▸ **YOUR OBJECTIVE**: What's needed is an exact copy of the lines from the one that contains "Customer photo review" to the end of the data below, leaving the pictures out.

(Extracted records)
<<<<
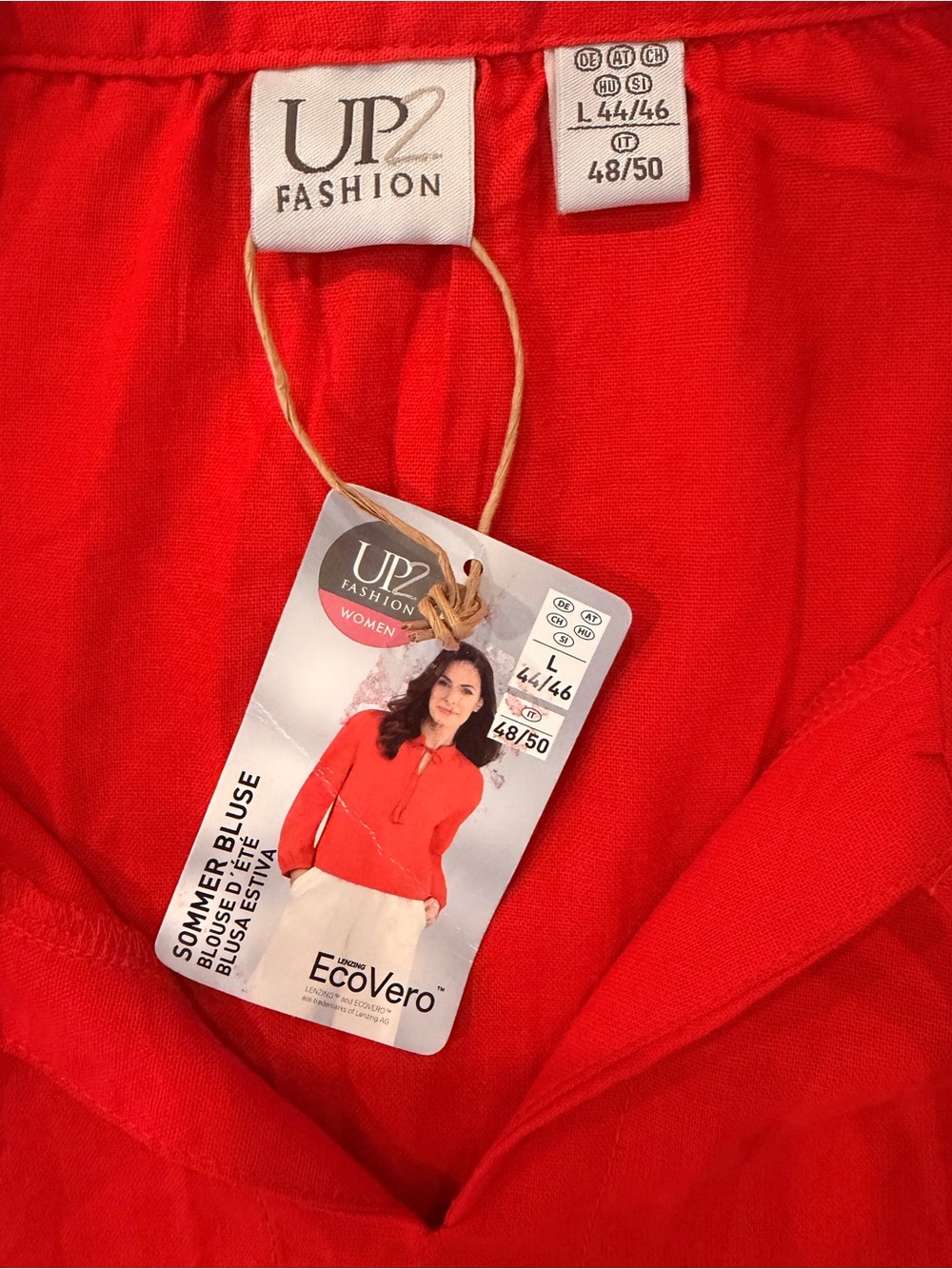 UP2 Fashion Red EcoVero Linen Blend Tassel Tie Blouse Top L NWT - Picture 9 of 10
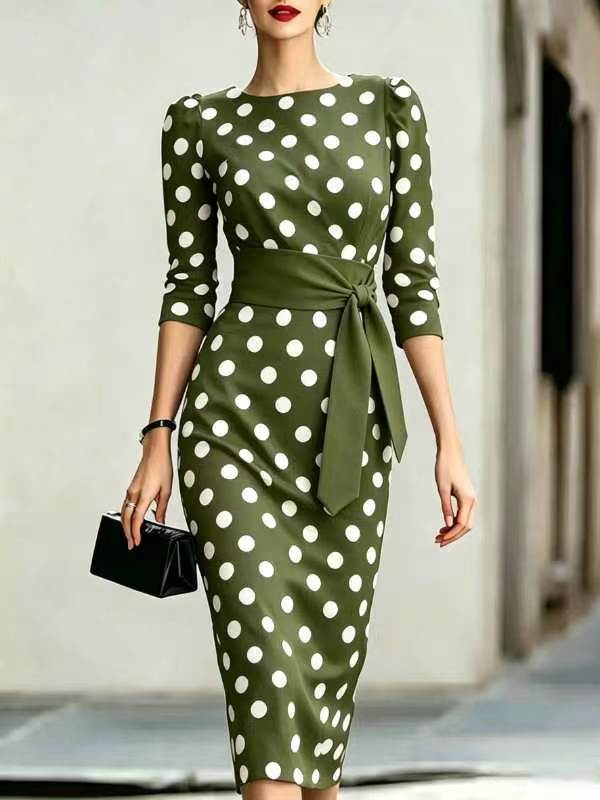 Women's Retro Polka-Dot Bodycon Midi Dress – Belted Cross-Tie
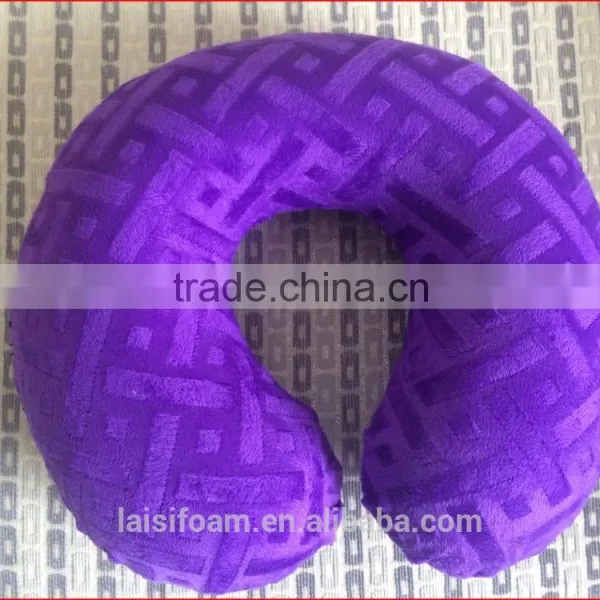 100% Polyester u Shape Pillow for Neck Pillow Memory Foam Travel Neck Pillow LS-U-014-D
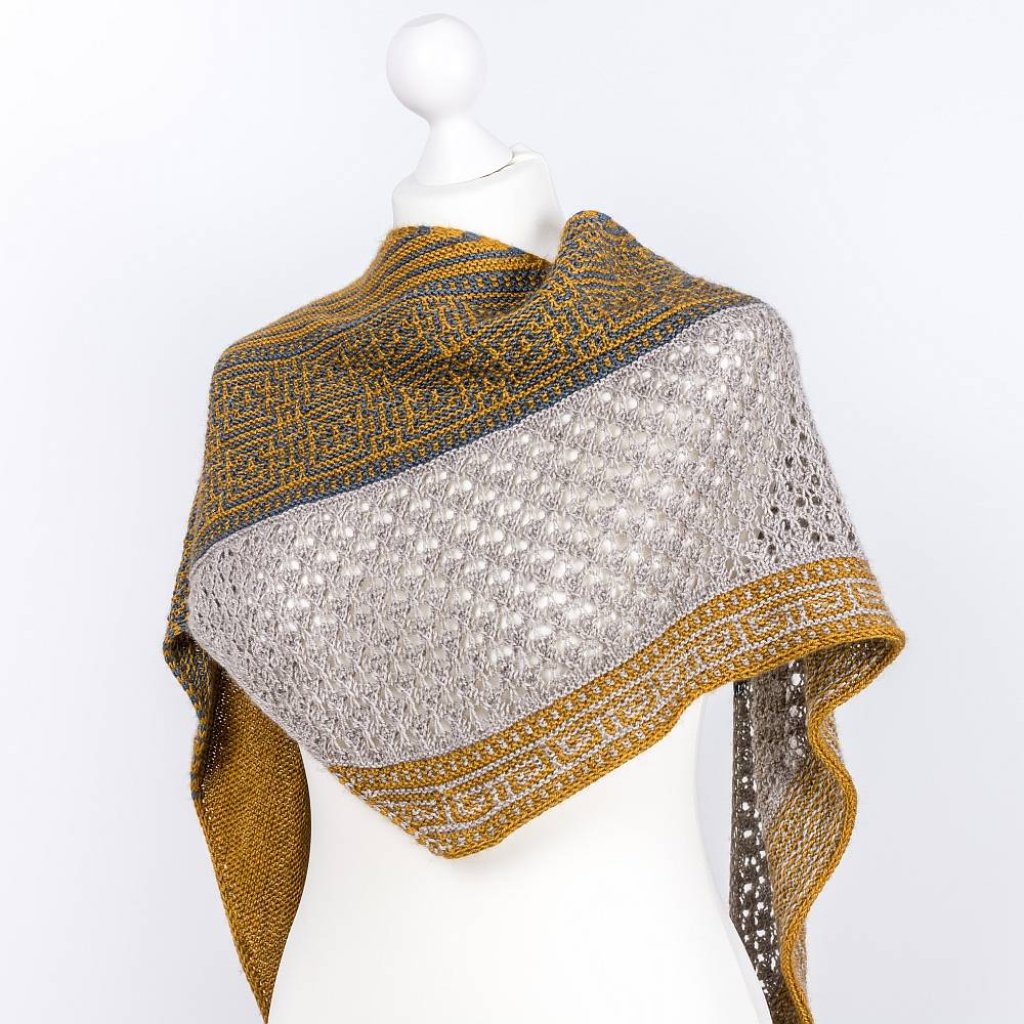 Strickanleitung Dreieckstuch mit Mosaikmuster Callisto Bild 1
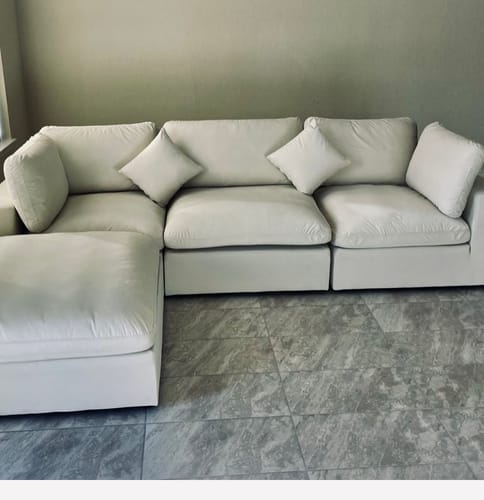 Customer photo review of SKY LINEN DELUXE PLUSH MODULAR 6 PIECE SECTIONAL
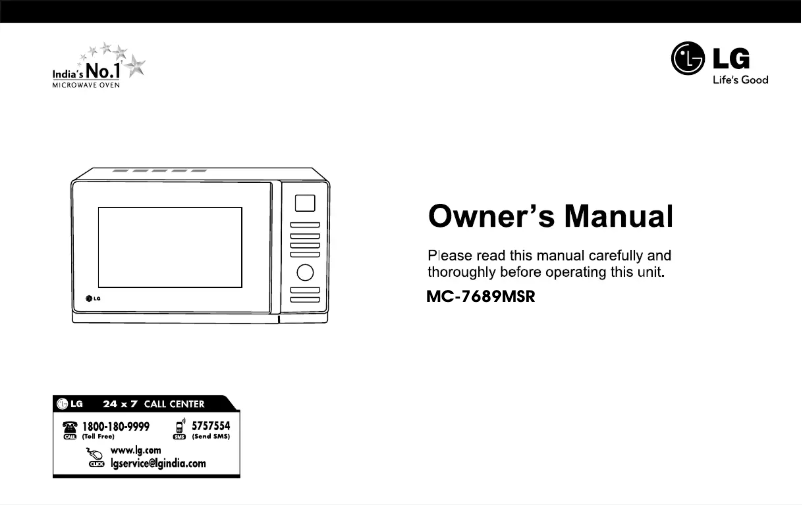 Page 1 de la notice Manuel utilisateur LG MC-7689MSR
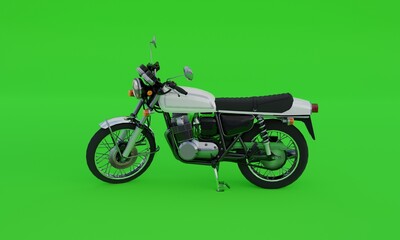 3d illustration, motorcycle, green background, 3d rendering.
>>>>
▸ **REPLY**:
 Customer photo review of SKY LINEN DELUXE PLUSH MODULAR 6 PIECE SECTIONAL
 Page 1 de la notice Manuel utilisateur LG MC-7689MSR
 3d illustration, motorcycle, green background, 3d rendering.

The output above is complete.